____ Data for analysis

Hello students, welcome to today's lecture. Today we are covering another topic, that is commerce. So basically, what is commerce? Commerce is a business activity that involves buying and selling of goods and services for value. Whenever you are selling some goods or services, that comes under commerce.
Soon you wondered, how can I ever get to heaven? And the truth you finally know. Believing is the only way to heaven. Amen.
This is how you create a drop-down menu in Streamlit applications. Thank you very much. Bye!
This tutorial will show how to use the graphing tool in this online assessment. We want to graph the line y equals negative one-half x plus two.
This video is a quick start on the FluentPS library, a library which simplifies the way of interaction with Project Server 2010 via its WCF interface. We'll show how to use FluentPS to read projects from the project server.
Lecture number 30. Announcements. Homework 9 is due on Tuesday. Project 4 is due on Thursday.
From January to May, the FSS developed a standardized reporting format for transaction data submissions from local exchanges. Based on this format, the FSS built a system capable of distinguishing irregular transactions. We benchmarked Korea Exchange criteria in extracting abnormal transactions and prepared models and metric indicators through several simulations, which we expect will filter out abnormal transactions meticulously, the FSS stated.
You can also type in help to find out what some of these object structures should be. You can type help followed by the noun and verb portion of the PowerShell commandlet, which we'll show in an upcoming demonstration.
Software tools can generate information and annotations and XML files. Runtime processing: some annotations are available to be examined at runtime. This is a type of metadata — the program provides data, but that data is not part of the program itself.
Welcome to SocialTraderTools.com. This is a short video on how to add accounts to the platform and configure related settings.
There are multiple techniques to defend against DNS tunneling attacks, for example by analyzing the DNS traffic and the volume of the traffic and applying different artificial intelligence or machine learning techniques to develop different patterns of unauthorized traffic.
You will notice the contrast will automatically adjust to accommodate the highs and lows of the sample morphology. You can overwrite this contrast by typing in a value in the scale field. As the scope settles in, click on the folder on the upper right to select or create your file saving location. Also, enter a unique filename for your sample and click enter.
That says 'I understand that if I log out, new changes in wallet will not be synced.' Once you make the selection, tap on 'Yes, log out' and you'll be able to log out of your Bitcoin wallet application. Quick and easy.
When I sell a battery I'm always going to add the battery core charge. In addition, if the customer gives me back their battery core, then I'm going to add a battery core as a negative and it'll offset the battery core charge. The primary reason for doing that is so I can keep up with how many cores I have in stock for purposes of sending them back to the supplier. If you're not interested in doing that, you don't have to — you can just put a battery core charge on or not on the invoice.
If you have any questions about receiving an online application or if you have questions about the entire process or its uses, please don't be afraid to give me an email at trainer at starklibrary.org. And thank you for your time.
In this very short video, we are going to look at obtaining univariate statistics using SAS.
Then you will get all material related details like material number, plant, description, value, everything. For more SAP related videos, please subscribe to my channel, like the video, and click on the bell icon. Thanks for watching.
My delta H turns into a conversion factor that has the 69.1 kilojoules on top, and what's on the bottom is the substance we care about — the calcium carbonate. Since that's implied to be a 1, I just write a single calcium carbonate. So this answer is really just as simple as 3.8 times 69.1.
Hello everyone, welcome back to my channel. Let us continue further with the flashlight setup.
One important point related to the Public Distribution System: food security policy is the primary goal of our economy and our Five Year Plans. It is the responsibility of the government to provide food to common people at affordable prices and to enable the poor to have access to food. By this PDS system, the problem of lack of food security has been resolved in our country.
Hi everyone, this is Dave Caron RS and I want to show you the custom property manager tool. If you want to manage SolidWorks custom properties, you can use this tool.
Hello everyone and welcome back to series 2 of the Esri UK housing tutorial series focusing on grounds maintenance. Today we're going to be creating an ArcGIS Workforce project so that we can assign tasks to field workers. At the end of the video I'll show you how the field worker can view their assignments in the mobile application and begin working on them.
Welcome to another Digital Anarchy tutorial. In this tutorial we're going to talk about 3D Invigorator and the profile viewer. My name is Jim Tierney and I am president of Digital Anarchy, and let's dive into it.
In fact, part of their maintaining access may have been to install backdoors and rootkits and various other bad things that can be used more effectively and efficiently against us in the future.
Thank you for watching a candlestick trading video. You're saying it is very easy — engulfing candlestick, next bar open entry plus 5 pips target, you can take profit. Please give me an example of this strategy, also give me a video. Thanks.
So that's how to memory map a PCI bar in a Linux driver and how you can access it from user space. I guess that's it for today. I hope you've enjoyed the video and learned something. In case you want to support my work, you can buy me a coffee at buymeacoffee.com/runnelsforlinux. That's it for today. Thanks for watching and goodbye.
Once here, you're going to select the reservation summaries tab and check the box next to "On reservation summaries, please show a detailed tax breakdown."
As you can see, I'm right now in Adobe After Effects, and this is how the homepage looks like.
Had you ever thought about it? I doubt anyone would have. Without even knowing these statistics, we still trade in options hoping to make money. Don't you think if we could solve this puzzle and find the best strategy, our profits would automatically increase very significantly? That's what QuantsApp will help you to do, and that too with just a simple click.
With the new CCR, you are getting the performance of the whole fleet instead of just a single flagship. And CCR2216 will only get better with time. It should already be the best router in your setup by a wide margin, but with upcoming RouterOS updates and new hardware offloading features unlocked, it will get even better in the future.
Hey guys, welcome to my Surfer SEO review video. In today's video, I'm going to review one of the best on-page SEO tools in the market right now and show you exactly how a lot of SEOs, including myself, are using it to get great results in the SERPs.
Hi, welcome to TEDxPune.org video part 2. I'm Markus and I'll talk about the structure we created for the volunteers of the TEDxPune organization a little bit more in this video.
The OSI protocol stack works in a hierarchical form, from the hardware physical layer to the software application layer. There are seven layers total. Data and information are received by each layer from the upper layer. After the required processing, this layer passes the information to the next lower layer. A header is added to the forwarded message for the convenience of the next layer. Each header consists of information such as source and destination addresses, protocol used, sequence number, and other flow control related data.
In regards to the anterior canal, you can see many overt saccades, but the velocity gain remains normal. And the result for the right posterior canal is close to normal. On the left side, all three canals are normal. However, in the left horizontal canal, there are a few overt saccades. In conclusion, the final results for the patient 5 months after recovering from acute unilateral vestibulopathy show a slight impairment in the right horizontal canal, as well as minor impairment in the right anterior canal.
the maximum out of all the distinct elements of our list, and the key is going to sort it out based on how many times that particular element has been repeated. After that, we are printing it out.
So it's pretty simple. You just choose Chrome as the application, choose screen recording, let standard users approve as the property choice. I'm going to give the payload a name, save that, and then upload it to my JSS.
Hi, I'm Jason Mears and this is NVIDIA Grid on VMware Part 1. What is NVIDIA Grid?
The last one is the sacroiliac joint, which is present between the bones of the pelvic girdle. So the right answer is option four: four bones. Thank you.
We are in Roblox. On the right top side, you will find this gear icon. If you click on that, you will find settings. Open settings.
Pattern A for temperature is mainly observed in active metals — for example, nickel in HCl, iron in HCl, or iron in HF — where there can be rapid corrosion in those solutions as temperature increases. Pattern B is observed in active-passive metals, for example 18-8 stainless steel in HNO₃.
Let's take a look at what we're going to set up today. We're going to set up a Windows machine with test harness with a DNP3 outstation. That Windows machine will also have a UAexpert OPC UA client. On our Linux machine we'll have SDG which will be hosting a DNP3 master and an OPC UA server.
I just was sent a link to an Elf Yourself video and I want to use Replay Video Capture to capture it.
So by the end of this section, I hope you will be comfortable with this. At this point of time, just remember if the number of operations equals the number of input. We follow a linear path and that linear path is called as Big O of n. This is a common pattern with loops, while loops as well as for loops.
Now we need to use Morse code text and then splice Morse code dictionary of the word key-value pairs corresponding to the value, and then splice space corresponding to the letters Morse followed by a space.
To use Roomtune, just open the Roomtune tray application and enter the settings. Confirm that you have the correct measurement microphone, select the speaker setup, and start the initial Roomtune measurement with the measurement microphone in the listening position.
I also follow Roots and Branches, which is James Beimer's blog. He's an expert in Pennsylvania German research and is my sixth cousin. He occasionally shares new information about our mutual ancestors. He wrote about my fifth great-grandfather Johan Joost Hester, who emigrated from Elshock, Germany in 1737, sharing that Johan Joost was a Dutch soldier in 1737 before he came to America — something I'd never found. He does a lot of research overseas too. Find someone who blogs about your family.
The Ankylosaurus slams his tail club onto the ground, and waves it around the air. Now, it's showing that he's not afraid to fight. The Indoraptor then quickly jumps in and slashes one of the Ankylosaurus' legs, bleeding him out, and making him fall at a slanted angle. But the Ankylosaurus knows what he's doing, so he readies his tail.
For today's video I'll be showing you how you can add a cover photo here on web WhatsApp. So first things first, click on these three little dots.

________

Task statement ▸
Using the material above, transcribe exactly the lines from the line with "Welcome to another" to the line with "Had you ever"; both count, and nothing else goes in.

Your solution ▸
Welcome to another Digital Anarchy tutorial. In this tutorial we're going to talk about 3D Invigorator and the profile viewer. My name is Jim Tierney and I am president of Digital Anarchy, and let's dive into it.
In fact, part of their maintaining access may have been to install backdoors and rootkits and various other bad things that can be used more effectively and efficiently against us in the future.
Thank you for watching a candlestick trading video. You're saying it is very easy — engulfing candlestick, next bar open entry plus 5 pips target, you can take profit. Please give me an example of this strategy, also give me a video. Thanks.
So that's how to memory map a PCI bar in a Linux driver and how you can access it from user space. I guess that's it for today. I hope you've enjoyed the video and learned something. In case you want to support my work, you can buy me a coffee at buymeacoffee.com/runnelsforlinux. That's it for today. Thanks for watching and goodbye.
Once here, you're going to select the reservation summaries tab and check the box next to "On reservation summaries, please show a detailed tax breakdown."
As you can see, I'm right now in Adobe After Effects, and this is how the homepage looks like.
Had you ever thought about it? I doubt anyone would have. Without even knowing these statistics, we still trade in options hoping to make money. Don't you think if we could solve this puzzle and find the best strategy, our profits would automatically increase very significantly? That's what QuantsApp will help you to do, and that too with just a simple click.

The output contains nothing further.